Drug Design Toolbox software (DDT), a Matlab environment software developed in our group, allows calculation of the CoMSA molecular descriptors, PLS analysis, IVE-PLS variable elimination and molecular visualization.
DDT consists of two software layers. Firs layer performs all calculations and basic input – output operations including importing and exporting molecular data. All first layer functions can be accessed by Matlab command line and can be easily linked to other Matlab functions and scripts. Second layer is a graphical user interface. All calculations run by the second layer are accomplished by appropriate first layer functions.

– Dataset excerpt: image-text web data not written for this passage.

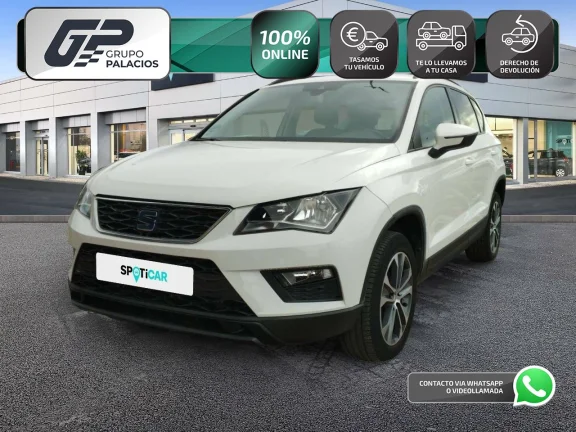 Seat Ateca 1.0 TSI 85kW (115CV) St&Sp  Eco Style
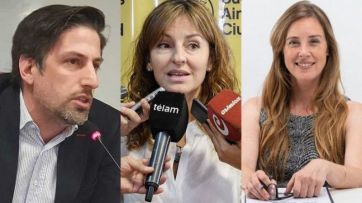 Antes que venza el DNU, Trotta se refirió a la presencialidad en las escuelas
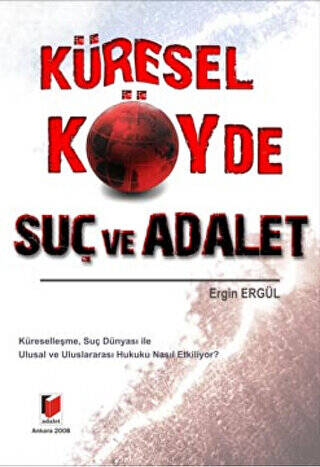 Küresel Köyde Suç ve Adalet - 1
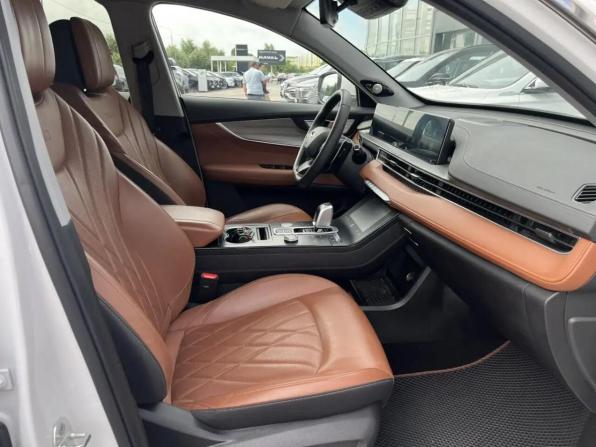 Chery Tiggo 8 Pro Max I с пробегом 2023 года, цена 1 870 000 рублей, 149301 км, внедорожник, Автокод Объявления
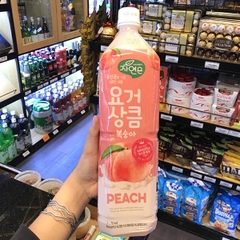 Nước yogurt vị đào 1.5l Chính hãng 100%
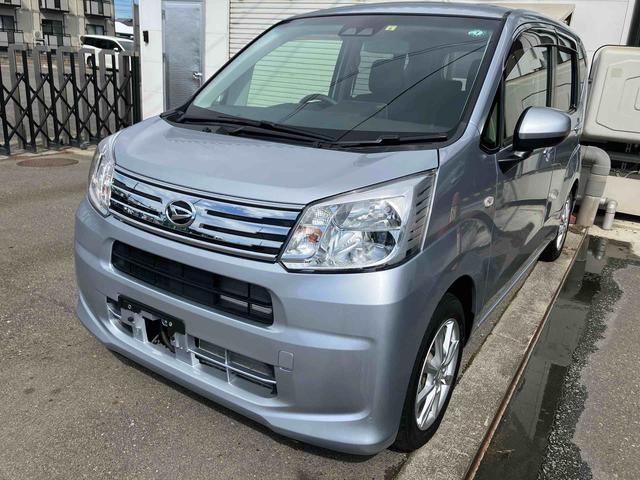 ムーヴＸリミテッドII　ＳＡIII（福島県）の中古車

Thus, the second layer requires the first and the first can be used as stand alone command line only toolbox.
Our software is capable of importing and exporting molecular data form mol2 Sybyl files and ctx CACTVS files. However, during calculations DDT operates its own molecular format IQF (internal QSAR format). Similarly, data resulted form QSAR modeling are stored in DDT format, namely UQS (universal QSAR structure). Both formats, IQF and UQS, are XML based and can be saved as plain text files or in Matlab binary format. Moreover, in order to organize and simplify batch operations on huge molecular data DDT can create special directories QDB (QSAR data base) containing molecular series in IQF formats. Such directories can be easily accessed by DDT batch routines speeding up operations on huge molecular series.
The toolbox allows one a generation of the van der Waals molecular surfaces and a calculation of the electrostatic potential. However, partial charges have to be calculated using a third party software. There is ALOGP method implemented, thus a lipophilic potential can also be calculated using the slightly modified Audry et al. method.

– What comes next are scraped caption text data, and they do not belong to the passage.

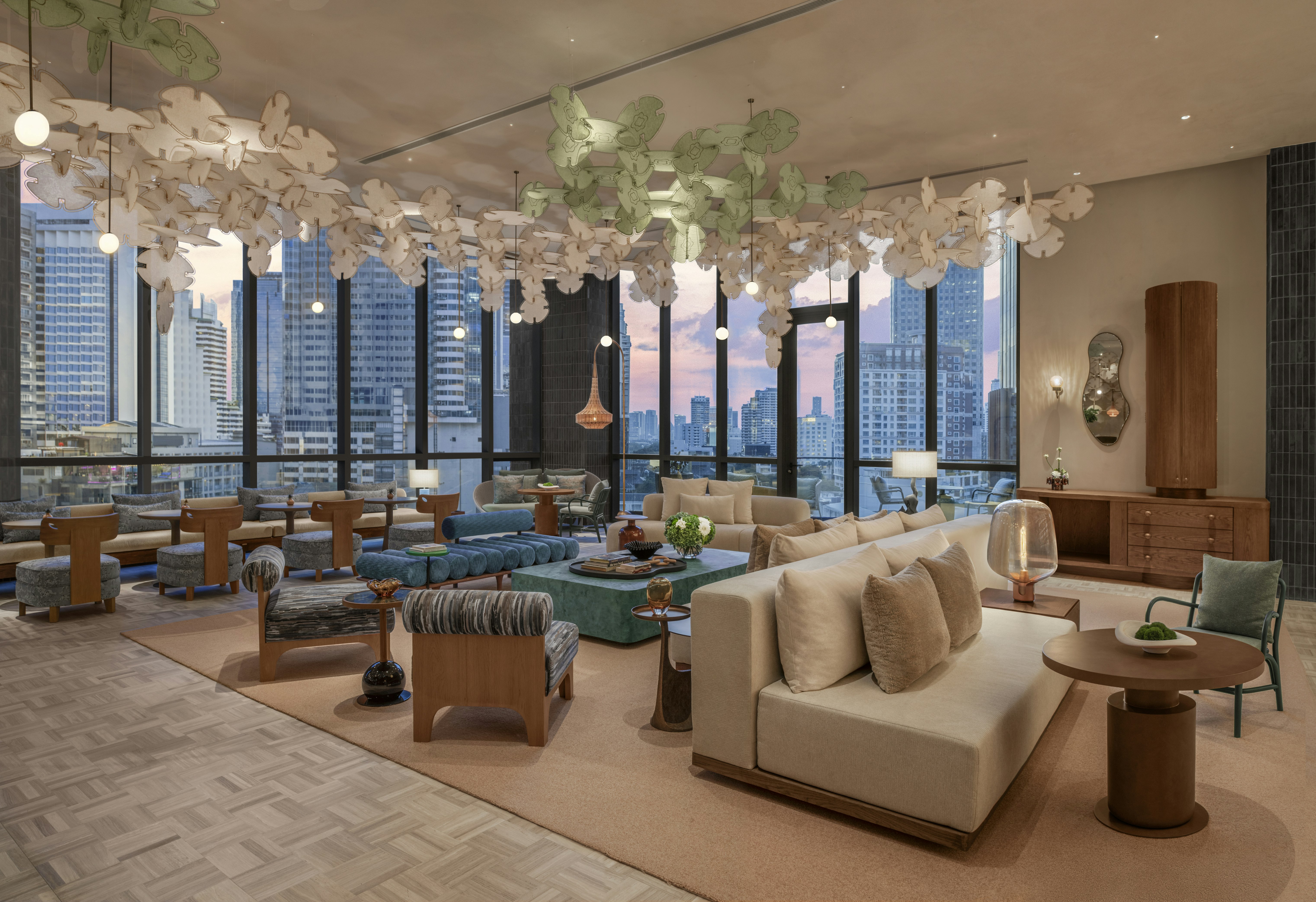 KROMO Bangkok, Curio Collection by Hilton 65/85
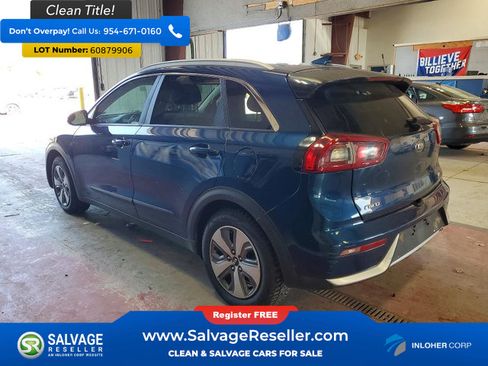 Used 2019 Kia Niro LX FWD image 3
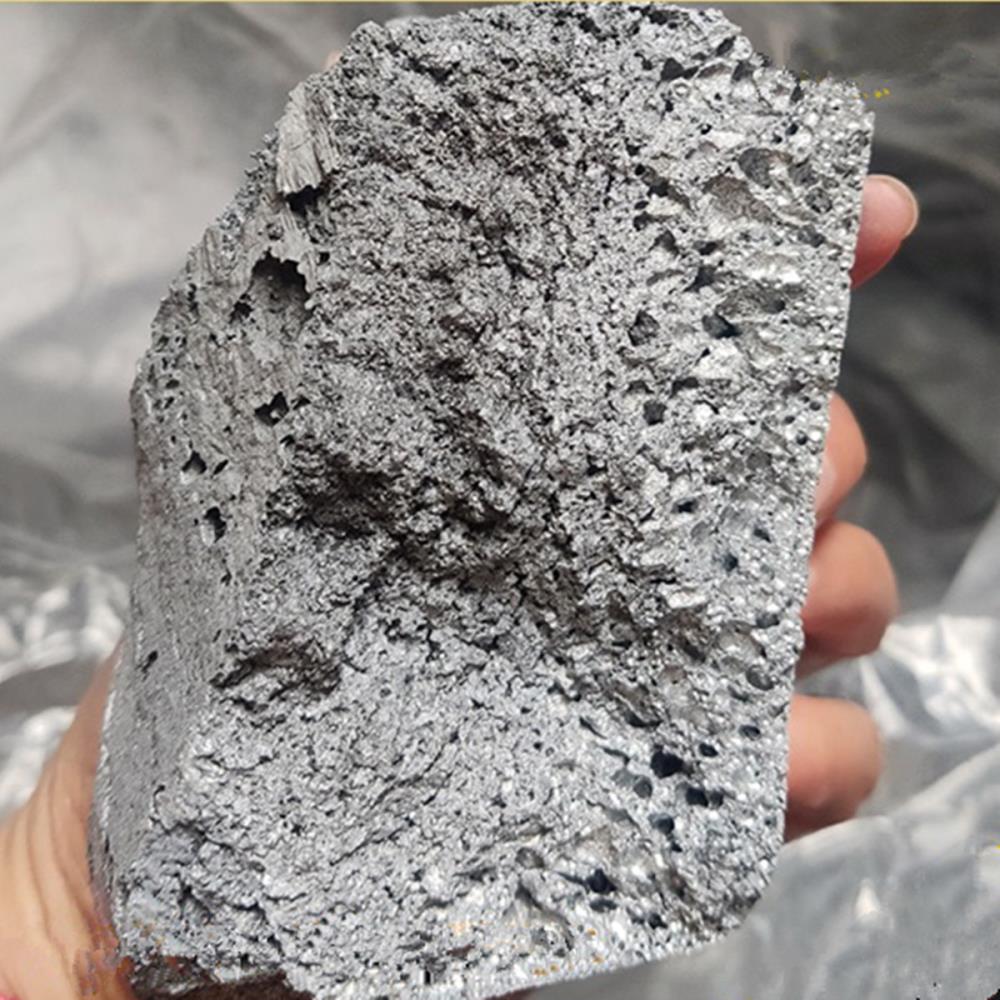 21d5d0bf1e86026f0194729b9b235256de6 100g Aluminum Calcium Alloy Ingot, AlCa10, for Element Sample Collection, Classroom Demonstrations, Scientific Research And Laboratory Experimental Projects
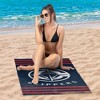 Los Angeles Clippers NBA Stripes Beach Towel 30 x 60 inches - 2 of 4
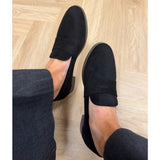 SHOES Reverie Damen Loafers 17FO-42 Loafers Black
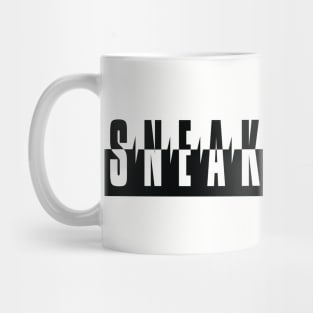 Sneakerhead Cube Mug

Molecular descriptors can be calculated by grid (s-CoMSA) and SOM (SOM-CoMSA) formalisms, though, the freeware Kohonen SOM toolbox is required to use the latter method. DDT makes available several data preprocessing protocols. Quantitative modeling can be realized by PCR and PLS method. Both UVE-PLS and the several versions of IVE-PLS were implemented in DDT.
DDT is also a useful tool for molecular visualization, allowing to analyze the importance of the molecular surface sectors important for the activity. A variety of coloring maps are available as described in previous publications.
DDT web site is still under construction. We apologize for any inconvience.